There’s been a lot of talk lately about internal and external agencies working together. And I’m all for it. In fact, I recently published a paper through Harvard Business School entitled “Build It, Buy It or Both.” The piece details the evolution of the in-house model, featuring two case stories on internal and external teams that have cracked the code on collaboration. Here are five take-aways for arriving at more-collaborative constructs:
The first is Alignment—ensuring that both internal and external agencies are fully aligned around a common purpose and that the relationship is set-up in such a way that both groups are moving toward a shared objective.
Second is Clarity. This is about making sure that individual roles and responsibilities are clearly communicated and understood, enabling participants within each agency to recognize what should be communicated from one to the other—and that communication flows both ways.
Next up is Streamlined Operations—so the combined team is optimally organized to evolve shared, streamlined operating practices and a disciplined approach to work that enables efficient decision-making and integrated implementation.
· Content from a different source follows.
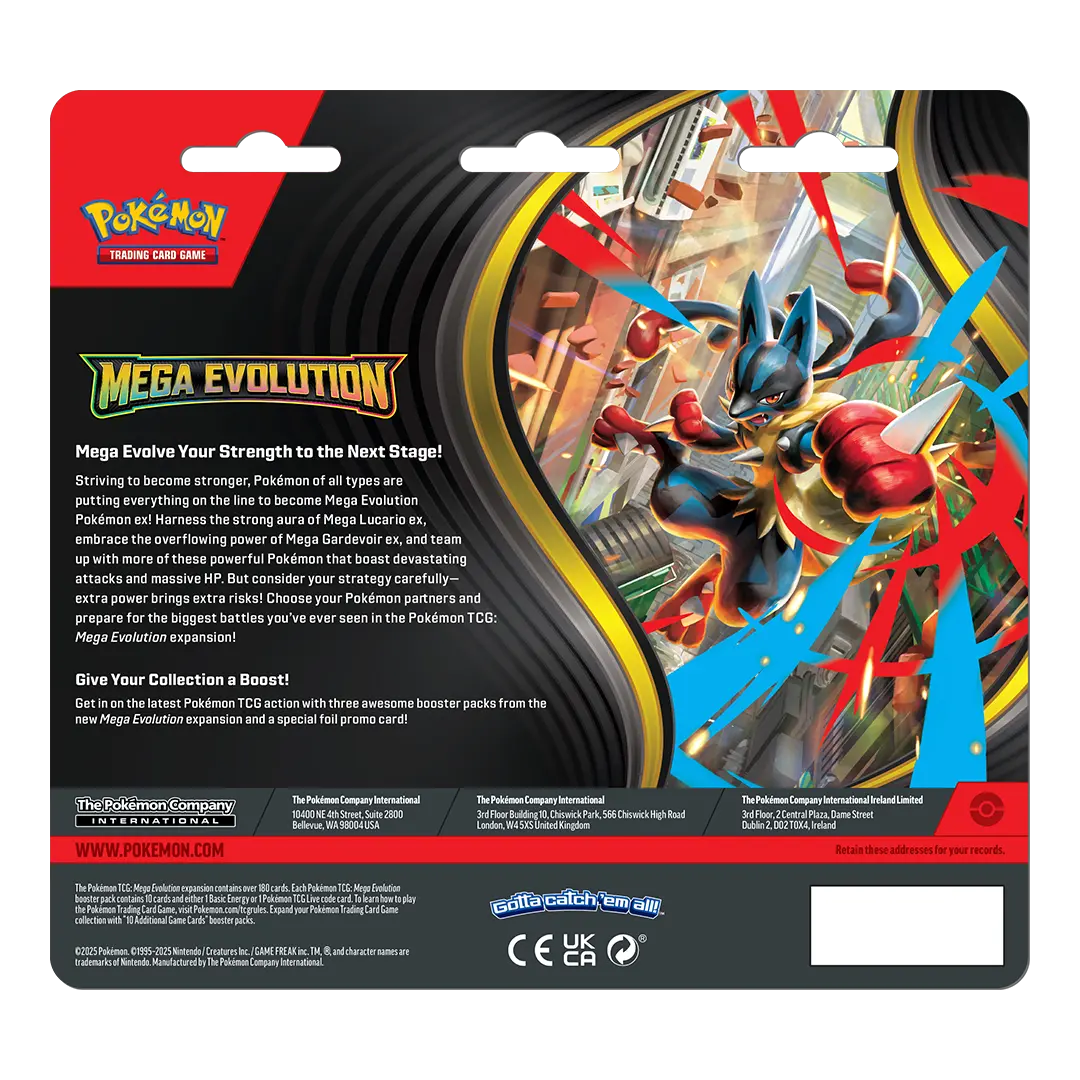 Pokémon TCG: Mega Evolution (ME01) - 3-Pack Blister (EN)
Fourth is Mutual Support. This happens when the employees of the internal agency and the employees of the external agency willingly share ideas, insight and resources with one another, for a level of mutual support that enables individual and team performance.
And finally, Leadership—the combined team is effectively guided, motivated and inspired by skilled, centralized leadership that fosters a culture of performance, partnership and accountability.
I cannot emphasize the last point nearly enough. In the absence of solid leadership, internal/external agency pairs struggle. They may have the parts and pieces needed to collaborate successfully, but they don’t have a skilled quarterback. And without someone in that position, they have a much harder time moving the ball down the field.
Many companies are adopting hybrid policies where they mix and match internal and external resources to deliver the customized bundle of services they require. Arriving at the right mix of talent and services to produce relevant, resonant communications campaigns requires all of us as marketers to take another look at how we’re staffing and sourcing advertising—essentially what to build and what to buy.